***** EXERCISE MATERIAL

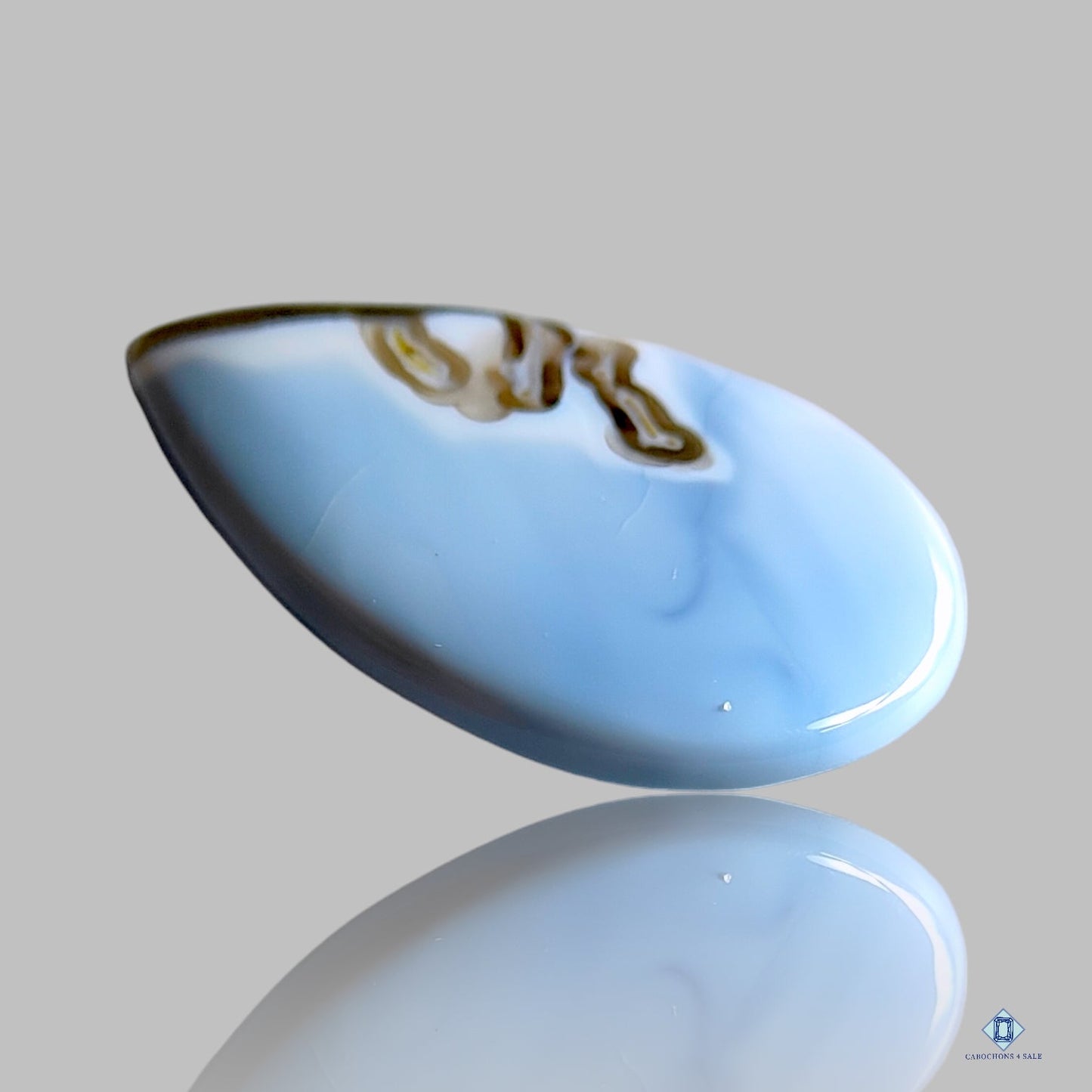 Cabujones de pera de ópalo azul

**********
***** EXERCISE MATERIAL

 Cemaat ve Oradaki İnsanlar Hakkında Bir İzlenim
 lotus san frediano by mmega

**********
***** EXERCISE MATERIAL

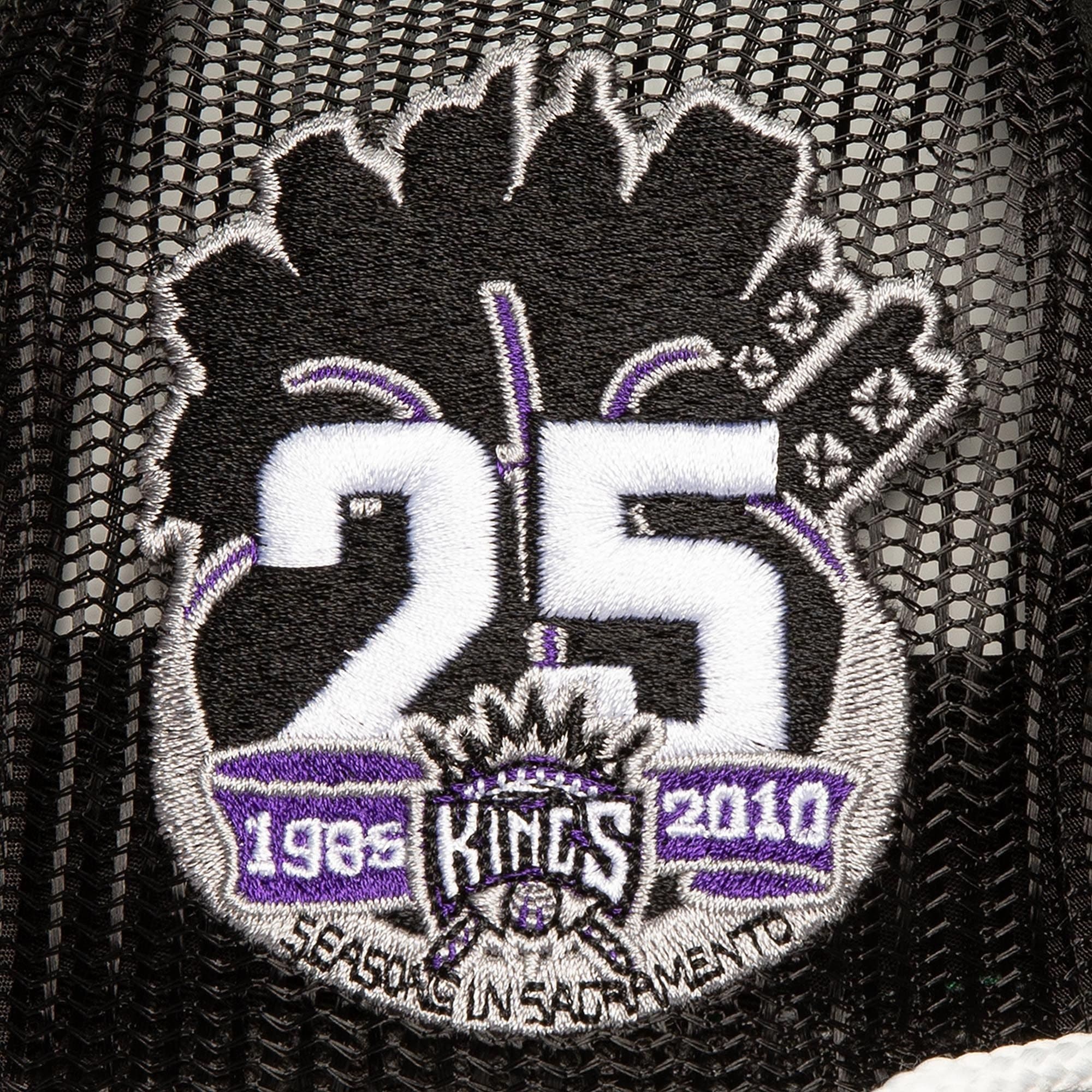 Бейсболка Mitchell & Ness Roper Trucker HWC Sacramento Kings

**********

_TASK INSTRUCTIONS_.
In the listing above, find the line with "Cemaat ve Oradaki" and the line with "lotus san frediano by mmega", then reproduce both and every line between them exactly.

_ANSWER TO THIS EXERCISE_.
 Cemaat ve Oradaki İnsanlar Hakkında Bir İzlenim
 lotus san frediano by mmega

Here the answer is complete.